The external modems (56 Kbps) were available at a low rate of Rs 2,700 and 33.6
Kbps ones at a price of Rs 2,000. The internal modems were about Rs 700. And the
prime reason for the fall in the prices has not just been because of
competition. But almost all the players who distributed the modems had
manufacturing units in the country and have looked at value-additions to make it
suit to the Indian environment. There are also a few original product
manufacturers like Hyderabad-based Team Engineers, which does its own branded
products.
The
real star performer this year has been Microtek. It not only filled the gap that
was left over last year by the departure of Powertel Bocca and Priya, but also
captured a significant market share of over 24 percent with total revenue of Rs
46.05 crore. This has been possible due to two reasons, first, its strong
distribution network and second, the customer has found it easier to relate to
its monitor brand image and extend it to the Internet connectivity. This year
could be a real battlefield for each of these players, as each one of the top
five has carved out a niche for itself, and entering into anothers’ territory
could be a tough call.
From a total sales of Rs 22 crore in 1998-99 to Rs 136.6
crore in 2000-01, the digital modems market has really grown exponentially. In
1999-00, the sales soared dizzily due to the steep cut in cost of leased lines,
and it was estimated that sales in the period under review would race ahead. But
unfortunately, due to delay in the ISP sector and telcos to go ahead with their
projects, this segment had its tale of woes. Further, delay in the availability
of Cisco routers, too, choked the situation. Because of these two factors the
digital modems sales grew by 22 percent only with estimated revenue of Rs 136.6
crore. The total number of units sold during the last fiscal was 34,188. Like
the previous year, FY 2000-01 too, belonged to MRO-Tek. It did a total sale of
25,000 units and a business of Rs 81 crore.

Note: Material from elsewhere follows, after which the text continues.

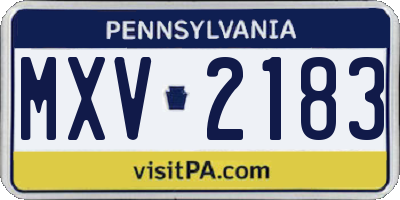 PA license plate MXV2183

The bulk of the sales has primarily come on account of the 64
Kbps products. However, this year, the DSL modem sales too grew sharply. Tellabs
and Ericsson, were the real major players. While Tellabs continued with its
consistent performance and perseverance, Alcatel, Ascom and Ericsson gained on
account of a few key wins from service providers and ISPs. Among the
distributors, MRO-Tek and Convergent were the well-known names.
VSAT
It
was an unfavorable year for the VSAT industry, as the growth in revenue terms
was not even one percent. The total market size was estimated at Rs 214.74 crore.
On the number front, i.e., the number of VSATs installed, the industry
registered an average growth of around 39 percent. This was far below the 49
percent registered in 1999-00.
The decline in revenue was due to an inapt growth in the DAMA
terminals, as it registered a negative growth of around 17 percent. This slow
growth can be attributed to lack of transponder capacity in the first half,
large government tenders put on hold and e-commerce business like Skumars.com
and many others could not takeoff. Other reasons were VSAT for village telephony
was not allowed due to policy, corporates adopted a wait-and-watch policy and
Internet via VSAT was very slow because of unclear regulatory policies.
 | NA stands for Not Applicable |
 | (20.0) stands for sales from VSAT hub |
It seems that the much-awaited VSAT policy based on revenue
sharing is still awaiting government clearance and is expected soon. The policy
will help in reducing the Total Cost of Ownership (TCO) of VSAT and make it more
affordable. Along with the lifting up of the 64 Kbps ban for 512 Kbps, this will
help the industry to grow at a faster rate in this fiscal. And it is expected
that the industry will grow at around 50 percent if the policy gets a go ahead
within the first quarter of 2001. Allowing Ku-band along with extended C-band
will provide more opportunities for the industry. HECL has already set Ku-band
hub and is testing it. HCL Comnet has also gone for Ku-band hub to be
operational in June.
The
total tally of VSAT installation in the country moved to 17,545 of which 4,928
were contributed in 2000-01. The country added 4,238 TDMA terminals and 686 DAMA
terminals during the same period. DAMA accounted for 14 percent of the total
VSAT sales in the country.
In terms of revenue, Hughes Network System was the No. 1
player leading the race with Rs 82.54 crore. Viasat, which also had Scientific
Atlanta under its fold, for the first time, was unable to make a breakthrough
and paved way to Gilat which stood at No. 2 with revenue of Rs 65 crore. Viasat’s
performance was not up to the mark and the company made a revenue of Rs 40.07
crore. The company had a face saving grace through the sale of VSAT hub in the
country. Nortel DASA and India Satcom had a bad year. Radyne was a new entrant
in the Indian market through Comsat Max.
Banking and finance still dominated the scene followed by
manufacturing, stocks and security, and distance education. Media was also a
bulk buyer, as it helped them in providing faster information to their viewers.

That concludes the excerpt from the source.